Ela conclui que o burnout entre mulheres executivas é sério, mas pode ser prevenido. Com ações
intencionais e apoio organizacional, é possível promover o bem-estar e impulsionar o sucesso
sustentável dessas líderes.

Conhecendo melhor o assunto, podemos identificar situações e comportamentos existentes no
ambiente que trabalhamos que podem ir gradualmente se acumulando até nos vermos numa
situação de burnout.
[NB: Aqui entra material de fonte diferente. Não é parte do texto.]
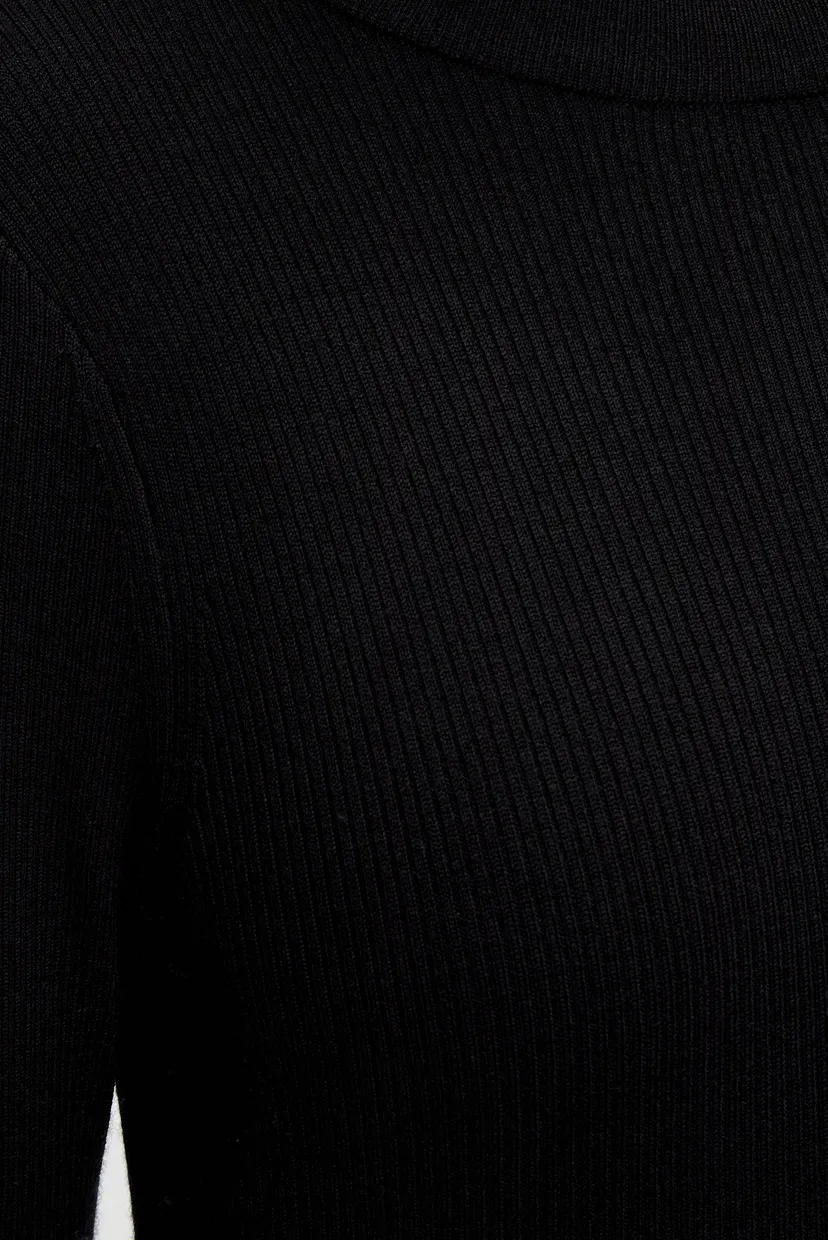 Женское черное шерстяное платье MERINO RUCHED 3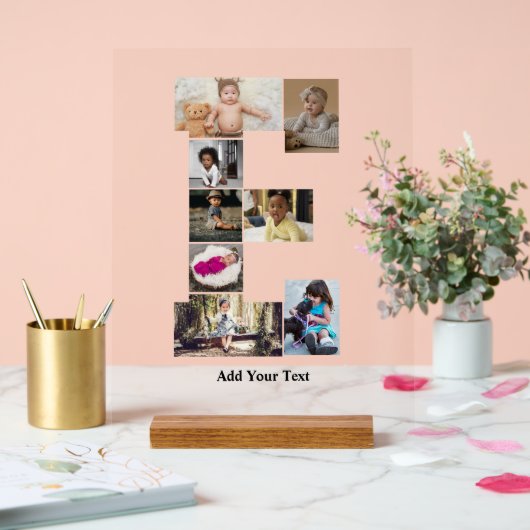 Ontwerp je eigen letter E fotocollage Acryl Bord (Huwelijk)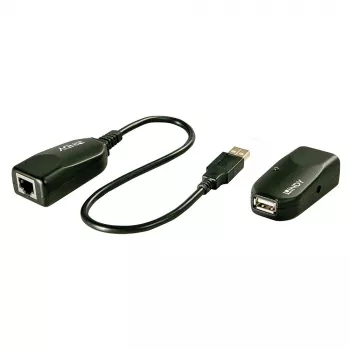 Extensor USB 2.0 Cat.6 Lindy 50m, transmissor e recetor de rede, 50 m, 480 Mbit/s, Cat5, Cat5e, Cat6, LG-8311, Preto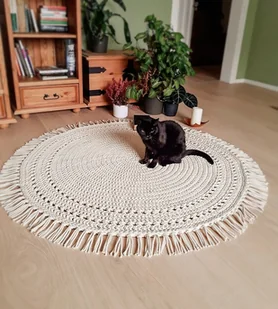 Dywan okrągły ze sznurka w stylu boho skandi - naturalny - Dywany - miniaturka - grafika 1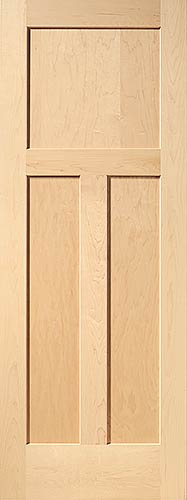 Maple Mission 3-Panel Wood Interior Door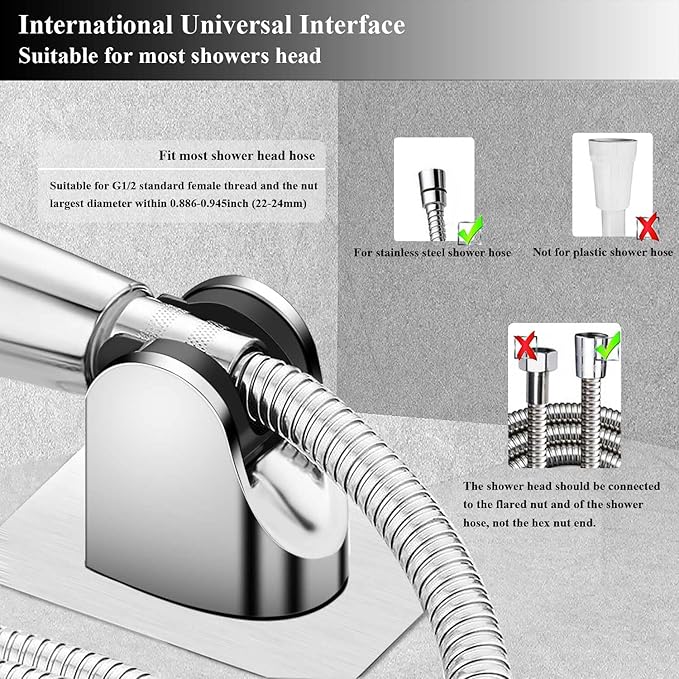 Shower Head Holder Strong Adhesive Adjustable Handheld Shower Wand Holder No Drilling Wall Mount Bracket (Silver)
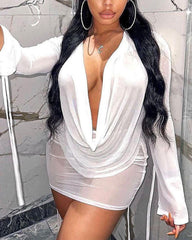Sheer Mesh Drawstring Ruched Backless Top & Skirt Set Without Panty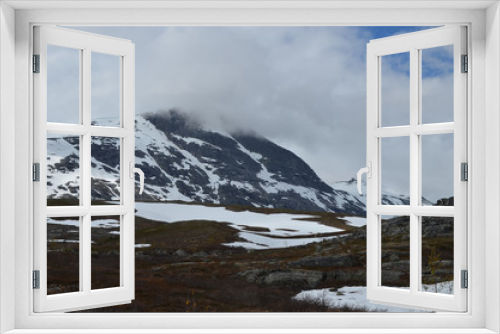 Fototapeta Naklejka Na Ścianę Okno 3D - Snow patches and rocks in subarctic alpine tundra, Norwegian mountains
É importante prevenir para que isso não aconteça e se acontecer saber lidar
com o mesmo e rapidamente superá-lo.

Como uma das principais razões é a falta de equilíbrio entre a vida profissional e pessoal, vale
ressaltar algumas dicas para ajudar nessa área.

  • Procure se autodisciplinar, tanto no seu cuidado pessoal, quanto nas atividades de
    trabalho.
  • Coloque-se em primeiro lugar. Não é egoísmo, é ter amor e cuidado. Aqui vale a regra do
    avião (coloque primeiro a máscara em você em caso de despressurização).
  • Trabalhe apenas durante as horas designadas. Dê o melhor de si nessas horas, sendo
    produtiva e focada. Saiba priorizar e deixar para o dia seguinte aquilo que pode ser feito
    depois.
  • Conheça-se e saiba seus horários quando é mais produtiva. Procure organizar seu
    trabalho nessas horas o máximo possível.
  • Comprometa-se com as tarefas e tenha foco quando estiver executando-as.
  • Seja gentil consigo mesma, com seu corpo e com seu cérebro. Não adianta insistir se não
    estiver conseguindo produzir.
  • Crie um tempo pessoal só para você rotineiramente e seja fiel a ele.
  • Sua prioridade precisa ser sempre você e sua família.
  • Respeite-se. Saiba ler os sinais do seu corpo e de suas emoções.
  • Agende com prioridade horários para seu cuidado pessoal. Cada cuidado é muito
    importante e ajuda não só a autoestima, mas é sempre uma pausa bem-vinda.
  • Faça uma lista diariamente das coisas que precisa fazer. Isso ajuda a priorizar e delegar.

Ao adotar essas estratégias, você garante que sua vida pessoal receba a atenção que merece e
que suas tarefas profissionais sejam gerenciadas de forma eficiente.